35-year cinema ban to end with Black Panther screening

Saudi Arabia is set to open its cinema doors for the first time since a ban was imposed by the ultra-conservative government in the 1980s. Black Panther has been selected as the first film to screen on the 18th of April at a new AMC cinema built in the country’s capital, Riyadh. The ban had been instigated to limit the free mixing of men and women in public and to avoid endorsement of taboo behaviour in public. However, this did not stop citizens from viewing western films in the comfort of their own homes. The grand mufti of Saudi Arabia (the country’s highest religious authority) has denounced the move and described commercial films as a source of “depravity”. Of course, this is only the beginning for the country, AMC entertainment has plans to open a further 40 cinemas in Saudi Arabia in the next five years, and to increase this to 100 by 2030: creating some 30,000 new jobs.

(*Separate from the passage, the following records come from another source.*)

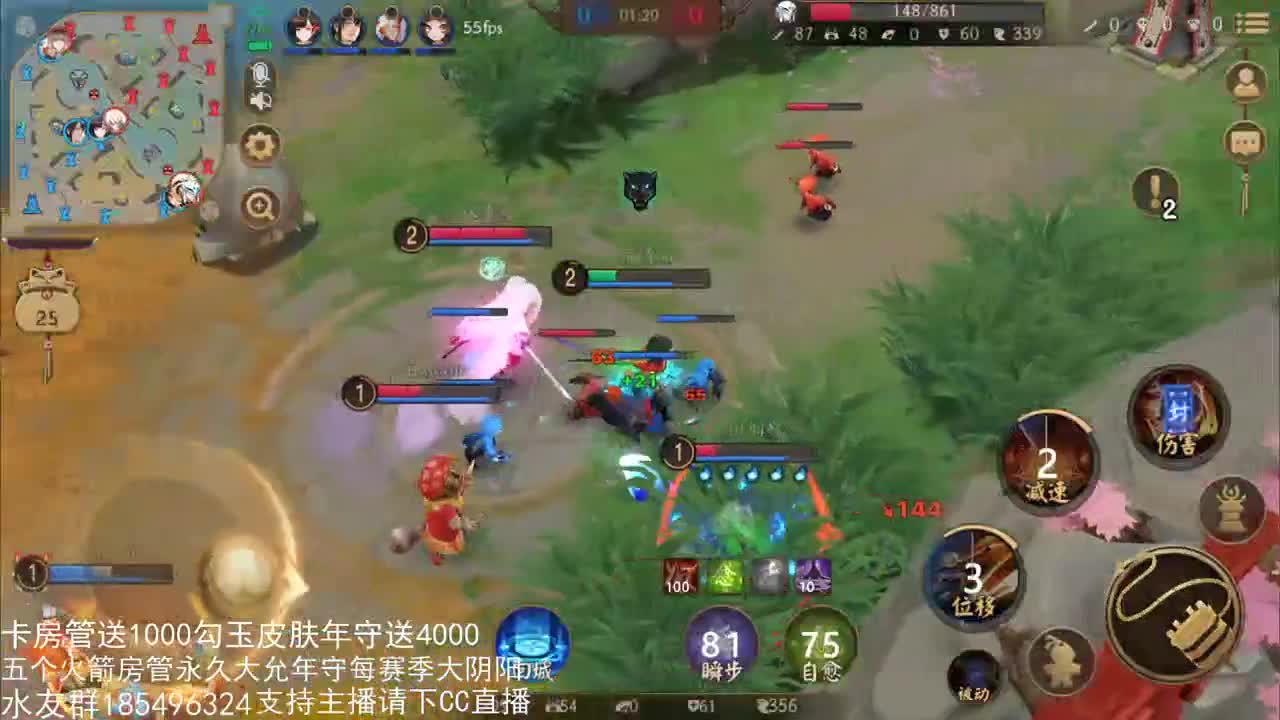 不知火King 第2段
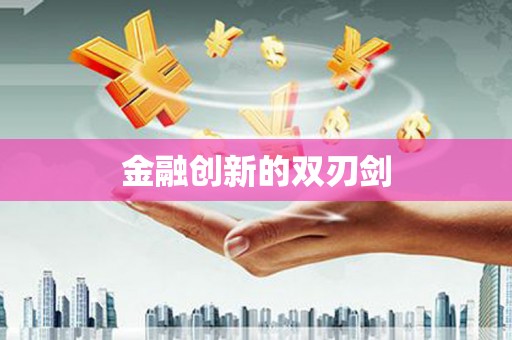 鹰潭金融创新的双刃剑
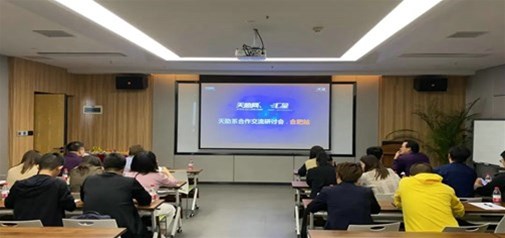 華中站｜天助網(wǎng)匯星平臺全國巡回大會(huì )第二站在合肥舉行 風(fēng)鵬正舉，前景可期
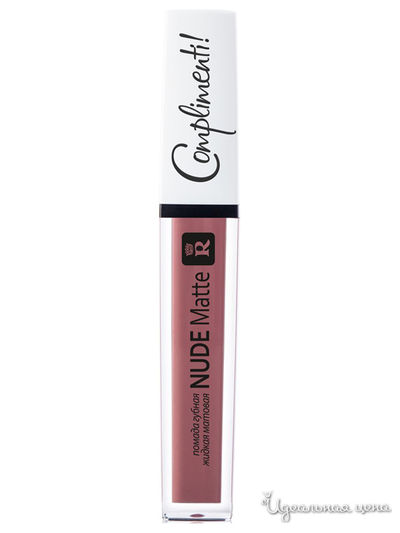 Помада для губ жидкая матовая Nude Matte Complimenti, тон 16, 8 мл, Relouis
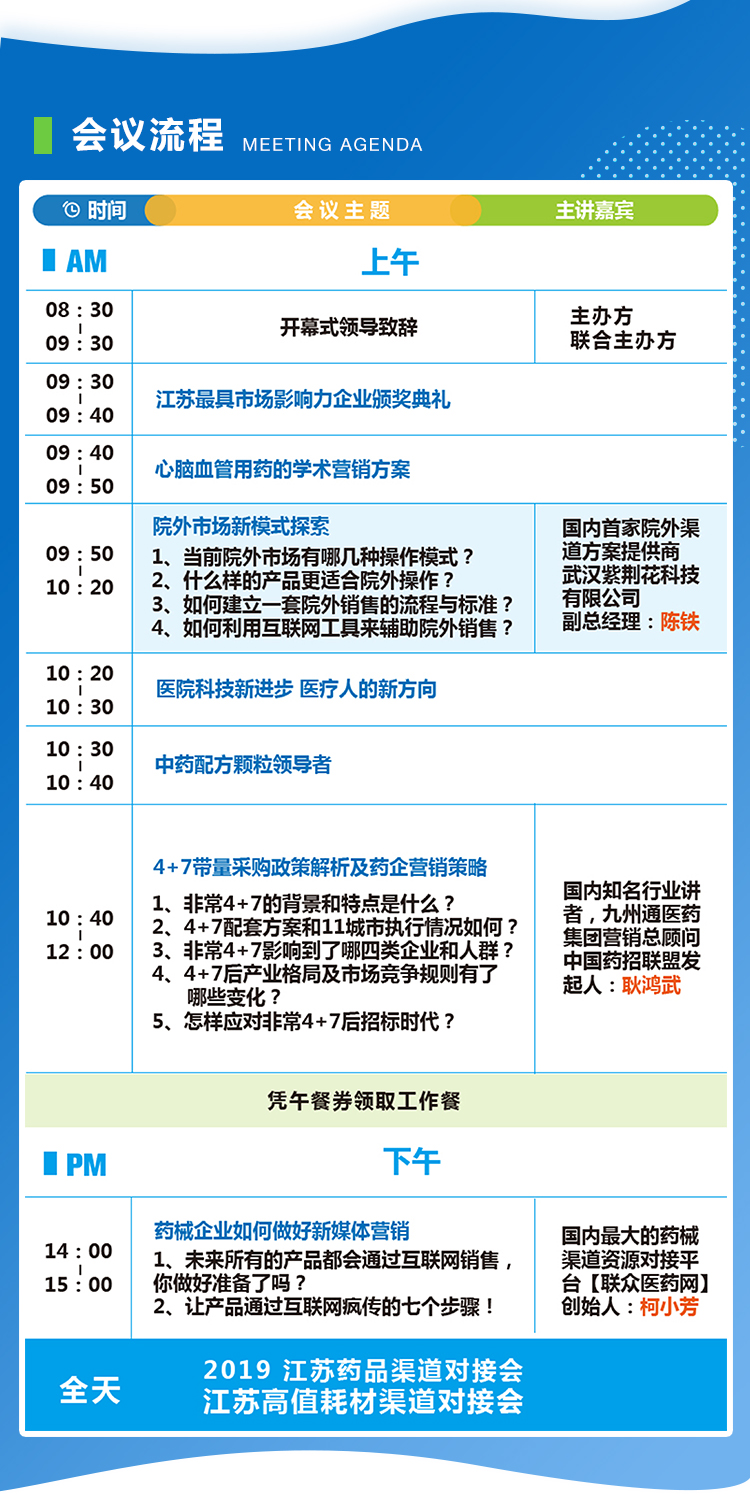 QQ圖片20190422110517.jpg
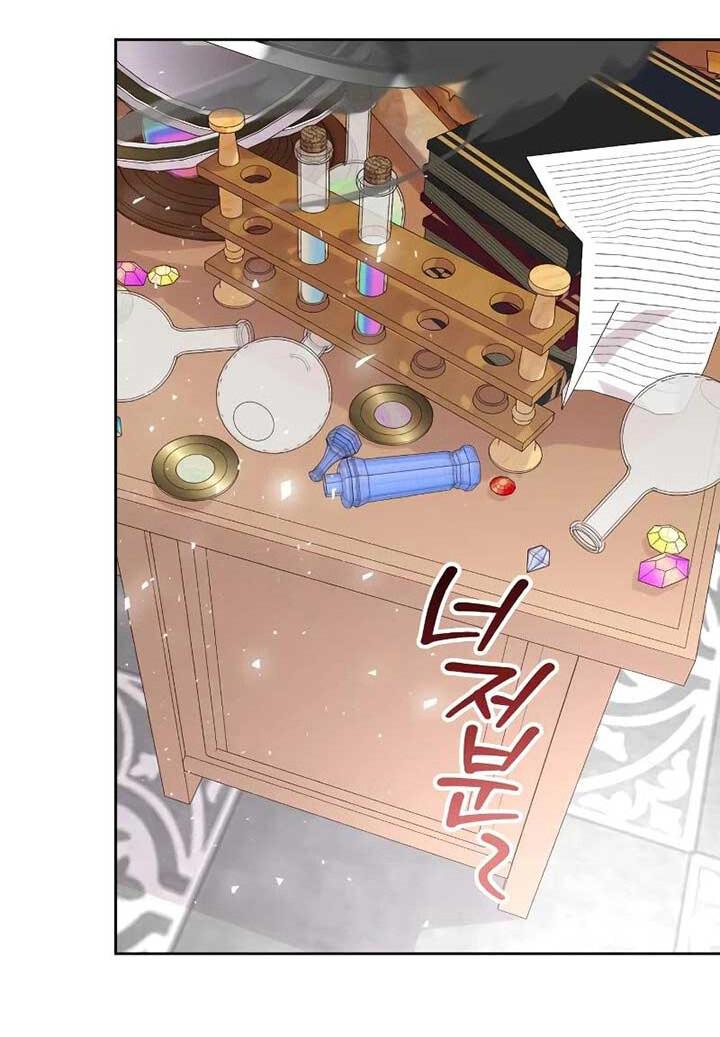 Манга Я захватила сердце тирана - Глава 65 Страница 45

Technically the first publicly screened films in the country since the ban was lifted in January were the critically slated, Emoji Movie and the marginally better received, Captain underpants: The First Epic Movie, which were shown in temporary local theatres in Jeddah. The choice of Black Panther as the first film for adult audiences in a permanent theatre is rather unsurprising: the popularity of the film worldwide has clearly not escaped the notice of AMC, who hope to attract record numbers of Saudis out to see the film.

Michael B Jordan as Erik Killmonger

Wakanda and Saudi Arabia: more than a few similarities

The fictional country Wakanda, which features heavily in the film Black Panther, bears more than a passing resemblance to the Kingdom of Saudi Arabia itself: a monarchy with vast wealth amassed from a single, widely coveted natural resource. Both countries have what are known as “command and control” economies – economies where the central government dictates production goals of raw materials: in Wakanda’s case, the indestructible metal Vibranium, and in the case of Saudi Arabia, crude oil. Wakanda also represents the Saudi dream: a strong economy with a futuristic mega-city, deeply in touch with its cultural roots.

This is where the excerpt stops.